TO DO: From the line containing "Load image into" to the line containing "DIGITAL PRINTED KHADDAR 3PC-ZN284" in the records below, set down every line exactly as it stands, both ends included, and skip the pictures.
====== DATA TO PROCESS
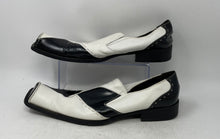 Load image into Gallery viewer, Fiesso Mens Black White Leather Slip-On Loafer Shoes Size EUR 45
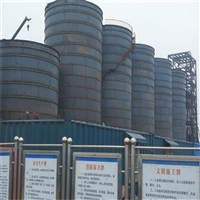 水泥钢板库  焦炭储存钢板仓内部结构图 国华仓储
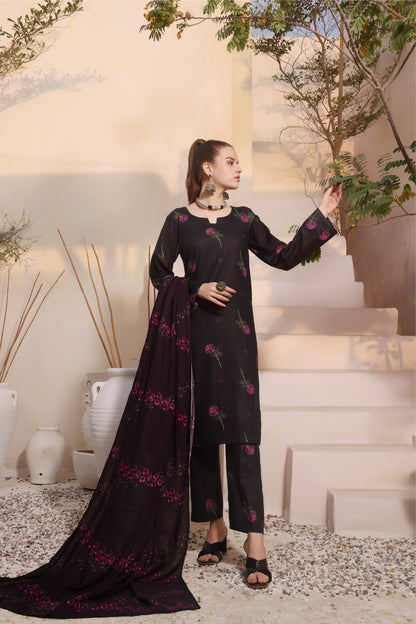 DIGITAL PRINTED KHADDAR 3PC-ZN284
============
====== DATA TO PROCESS
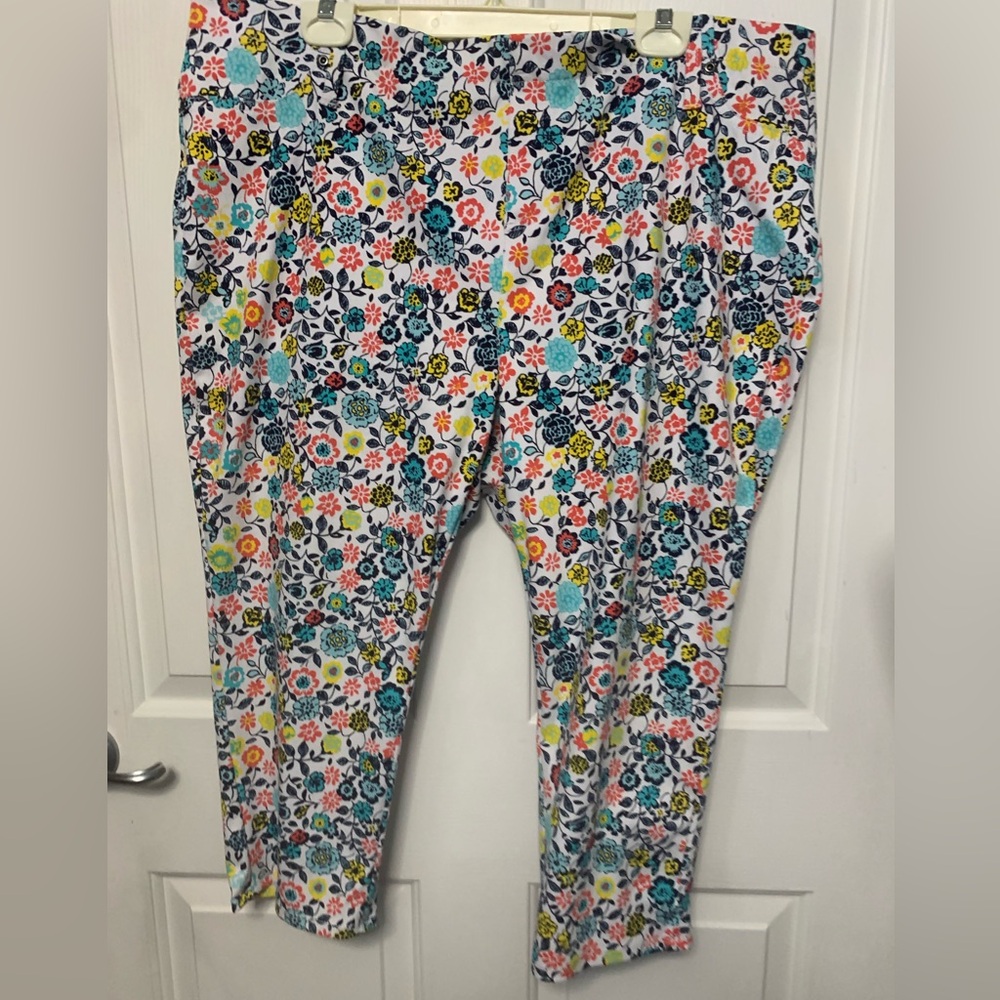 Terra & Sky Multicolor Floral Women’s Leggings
============
RESULT BELOW:
 Load image into Gallery viewer, Fiesso Mens Black White Leather Slip-On Loafer Shoes Size EUR 45
 水泥钢板库  焦炭储存钢板仓内部结构图 国华仓储
 DIGITAL PRINTED KHADDAR 3PC-ZN284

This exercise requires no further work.